Lead with the best version of yourself.

Writer’s Block? Find a Coach

by Catherine Putz and Tobias Switzer

You finally decided to write. You’ve got something to say, and it’s burning you up. Maybe nobody is talking about it, or the national security establishment is just getting it all wrong. Tired of sitting on the sidelines as other people blather on uninformed, you’re ready to set the record straight. You know intimately what they’ve only read about in reports or saw once during a scripted dog-and-pony show through a conflict zone. Diplomacy and deterrence don’t work like that. Sanctions and special operations don’t work like that. That weapon system isn’t a trillion-dollar waste of money; it’s the cornerstone of US security.

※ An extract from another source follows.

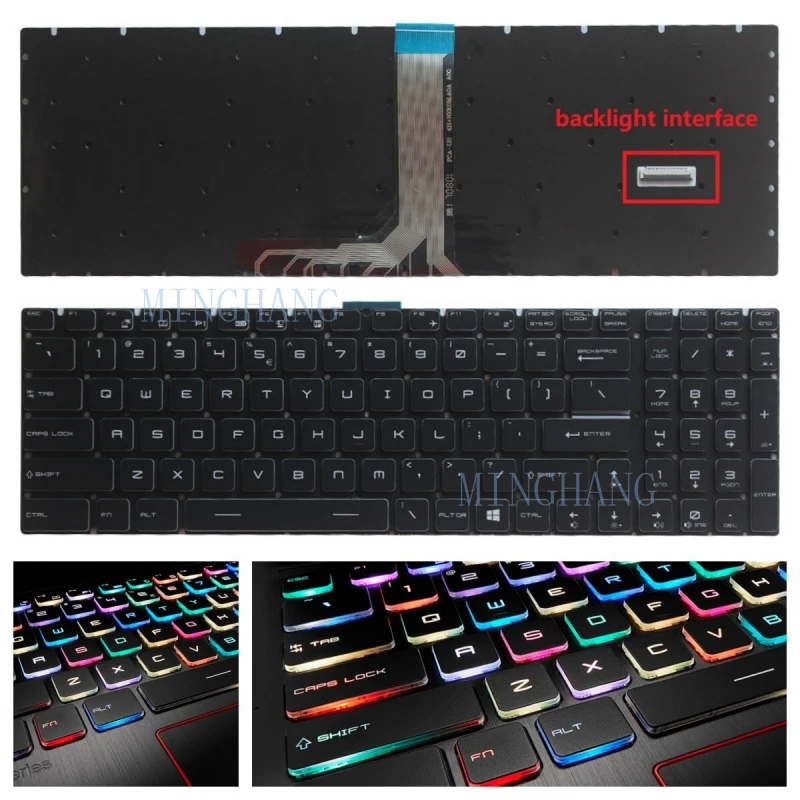Фото Новая RGB-клавиатура с подсветкой для MSI MS-16K5 GS63 Stealth 8RE MS-16K7 GS63 Stealth 8RF №1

Sitting down with some coffee and your laptop, you imagine what they are going to say when your masterpiece appears in Foreign Policy or The New York Times. Thirty minutes go by. Then, an hour. Damn the blinking cursor and damn the blank page! You’ve got to go to work now. That night, you make another attempt, but the blank page mocks you. After a few grueling days, it’s getting more difficult to wake up early to write — what was it you were going to say, anyway? After trying for a couple of weeks with not much to show except bleary eyes, you give up, leaving the blank page behind.

If this is you, I feel you. That was me, too. After a few abortive attempts over the years to write and publish, I all but gave up. Last year, though, I decided to give it one more go. But I knew I needed to do something different. I needed help. After years of trying on my own, I started working with a coach. 

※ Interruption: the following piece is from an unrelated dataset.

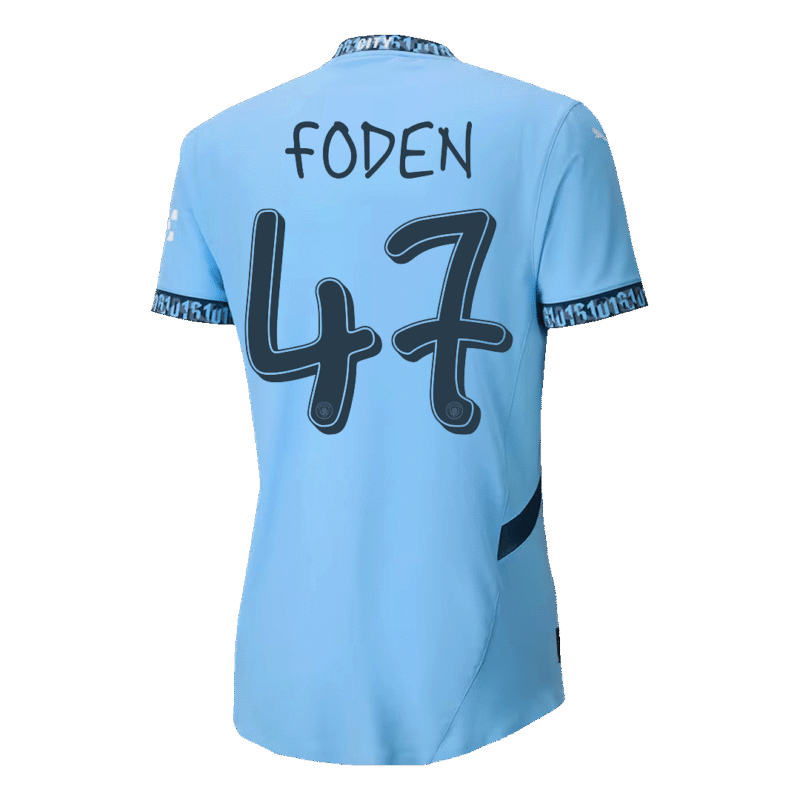 FODEN #47 Camisola de Futebol Autêntica do Manchester City 2024/25 - UCL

If you want to write, but you’re struggling, get a writing coach.   

Starting last summer, I’ve met virtually with my coach, Katie Putz, weekly, to talk about my ideas, review my drafts and strategize pitching ideas to editors. When my motivation or self-esteem sagged, Katie would kick me in the rear and keep me on task. 

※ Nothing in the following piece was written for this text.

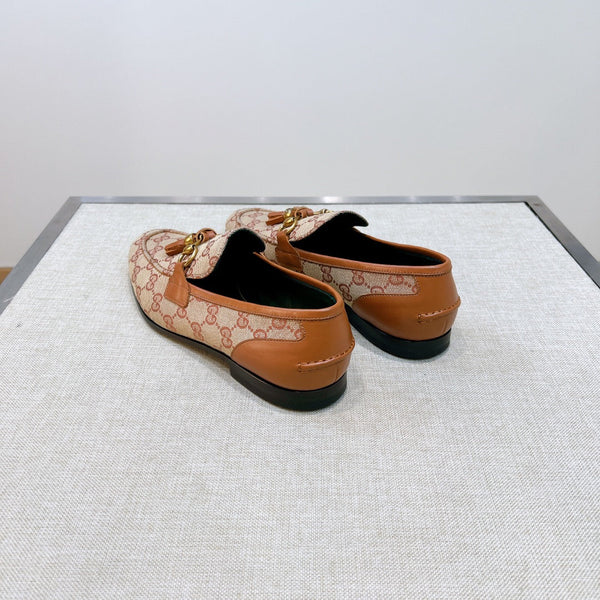 GG Men's Tassel Loafer Pink Canvas Calfskin 361365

Since we began working together, I’ve published pieces in six different outlets, including a report, several essays, and a couple of op-eds. Katie and I’ve surprised ourselves at how successful this project has been. Throughout the year, we’ve talked about why this coaching relationship worked and how other people struggling to contribute to the national security conversation might benefit from a writing coach, as well. What follows is our conversation about why a writing coach makes sense, what benefits it brings, and why writing is a team sport.    

KATIE: Let’s talk about what you were looking for in a potential coach and then we can talk about what you’ve gotten out of this process.

TOBIAS: One of the reasons I wanted to commit to a coaching relationship was to have accountability and not just wait until I had something written to pitch to an editor like you. I was afraid because I was out of the habit of writing. I didn’t have structure or scaffolding in place. I needed a little more structure.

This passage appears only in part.